楚舟並沒有第一時間回答,而是反問:“關於鄒五,關於四海幫,樊叔知道多少?”
“我就知道這四海幫,該是城南的一個幫派,占了好些條街道,至於具體情況?實力如何?
我就不太清楚了。
那些混幫派的,以前和我玄真觀交集真心不多。”
樊忠這般解釋著,又道:“不過,若小道長需要了解更多的事兒,我可以去打聽打聽。
但是……”
“但是什麼?”
“小道長,恕我直言,現在盯上我們的,絕不是四海幫一股勢力。所以,光盯著他們,不一定有用。”
“我知道,但是,知己知彼,該了解的還是要了解一番的。”
這般說著,楚舟又看向樊忠,問:“樊叔,您覺得我該怎麼做?”
“不知小道長學了老主人幾分本事?”
“你說的是哪方麵?”
“哪方麵我也不知道。”
樊忠的反應有些奇怪,他頓了頓,才道:“當年,老主人初來的時候,辦下這番基業,自是也有人眼紅不已。
隻是,一夜之間,敢於伸手的七家勢力,有家族有幫派,皆是死了一位大人物,就那麼被摘了腦袋。”
“沒人知道老主人是怎麼辦到的,也沒人敢過多探尋,隻是從那次後,就有人傳老主人有‘驅鬼’的本事,再也無人敢輕易招惹。”
“由此,玄真觀才屹立不倒,直至如今。”
頓了頓,樊忠又道:“小道長,不,您現在繼承了道觀,我該稱呼主人了。
若是事不可為,我覺得該退一步,就退一步的好!
人總要活著,才有可能!”
“所以說,也有人找到樊叔你呢?”
“是,是的,雖被我嚴詞拒絕,但是,我看他們是不會放棄的。

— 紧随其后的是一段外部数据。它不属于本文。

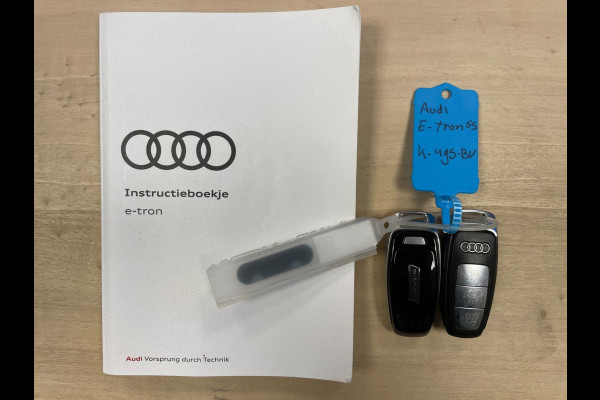 Audi e-tron 55 Quattro Edition 95 kWh|90% SOH|GROTE ACCU|CRUISE+CLIMATE CONTROL|ELEK.INTERIEUR+A-KLEP|NL-AUTO|NAP|INCL BTW|1e EIG|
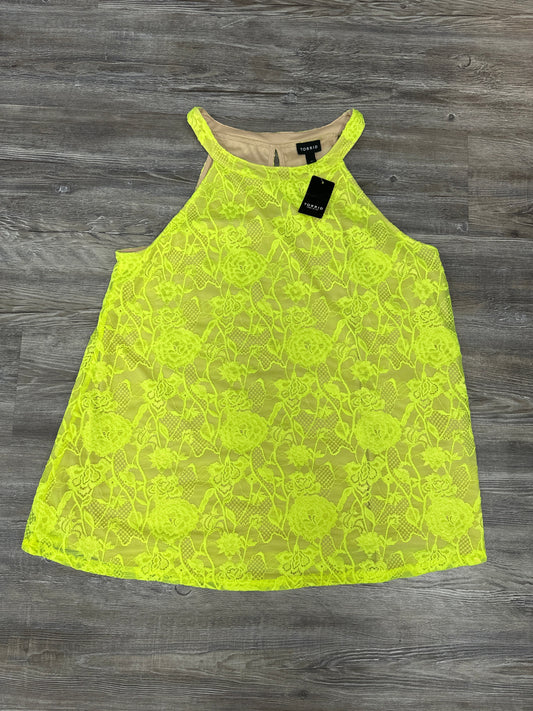 Yellow Top Sleeveless Torrid, Size L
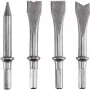 Einhell 4132769 kaltų rinkinys (4 vnt.), 10 mm šešiakampis kotas, smailieji ir plokščiieji kaltai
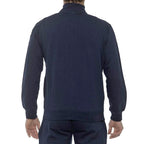 19V69 ITALIA by Alessandro Versace Zip Front Sweatshirt (Size L) - Navy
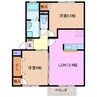 ヴィルアザレA棟 2LDKの間取り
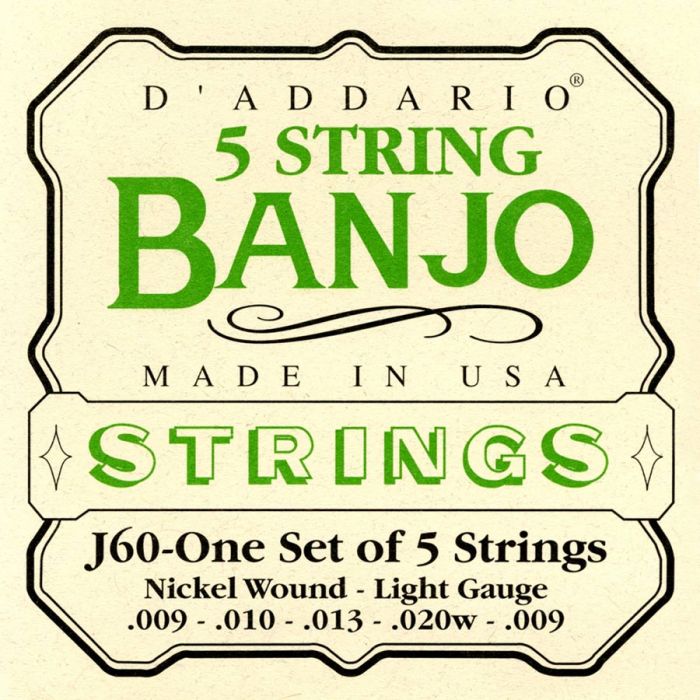 D'Addario snarenset 5-snarige banjo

”
“這樣啊!”
楚舟的臉色冷峻了幾分,可嘟囔著道:“退一步嘛,倒也不是不可以,就怕有些人總是覺得,趕儘殺絕,才能永絕後患啊!”
頓了頓,他又道:“好了,事兒我知道了,具體的,等恩師出殯後再說吧。
不算今個兒,還有兩天,兩天是吧?”
“是的!”
“那至少還有兩天安穩!”
這般說著,已是又有吊唁的客人到來,兩人談話到此為止,又是各自忙碌起來。
這個世界,有‘頭七’的說法,人死之後,七日回魂,可再見一下自己的父母親人。
所以,停靈的時間是七日,等七日之後,就是入土為安了。
而今日,已是玄真老道殞命的第五日了,其實該來吊唁的人都已來了,沒來的也不會來了。
現在來的,都是些距離遠的,又或者受了老道恩惠的,多是些農夫或漁戶,來了後上三柱清香,磕幾個頭,也就走了。
這熱鬨程度,就比不上前幾天了,楚舟也樂得清閒,也有更多的時間,去挖掘腦海深處的記憶。
有人說記憶就像硬盤,時間久了,裡麵到底有多少處犄角旮旯,又藏了多少秘密,誰都不清楚。
非得調出目錄,一個個的翻,一頁頁的看,才能有個更全麵的理解。
這一天,楚舟就在忙碌之餘,找回了不少記憶,漸漸的,對白沙城的認知,對玄真觀的了解,對過往的人生,也在不斷加深。
直到夜幕降臨,道觀的大門再次關閉,楚舟讓兩個師弟守著靈堂,
他則是走出了大殿,走向了後亭,再穿過小徑,推開了自家師父的房門。
他並沒有漫無目的的搜尋,而是直奔床榻,摸索了片刻後,就拉動了一條繩索。
然後,一條向下的通道就那般顯現了出來。
舉著燭火,他摸索著,一步步往下,直至走到地底,沿著牆壁點燃了數盞油燈,整個地下空間才亮堂起來。
這裡的布置幾乎就是上麵的翻版,桌椅板凳,打坐的蒲團,飲茶的器具,一模一樣。
唯一不同的,就是那張書桌後的書架,擺滿了書籍,不是外麵可比的。
楚舟隻是稍稍翻看了下,就發現大部分的書籍,都是各類醫書。
哪怕是書桌上,也是鋪開了一本,上麵多是各種備注。
到了這裡,楚舟就不熟了,他隻得不斷摸索,一寸寸的找,一點點的試。
索性,他表現的極有耐心,也極為仔細。
直到他扭動一方鎮紙,那書架緩緩移開,露出了牆壁後的空洞。
裡麵,一個雕工精美的木盒占了一角,旁邊,還有不少銀錢隨意擺放。
隻是粗粗一掃,楚舟就知道,那是至少百兩以上的紋銀,絕對算是一筆巨款了。
不過,隻是看了一眼,他就把目光定在了那精美木盒上。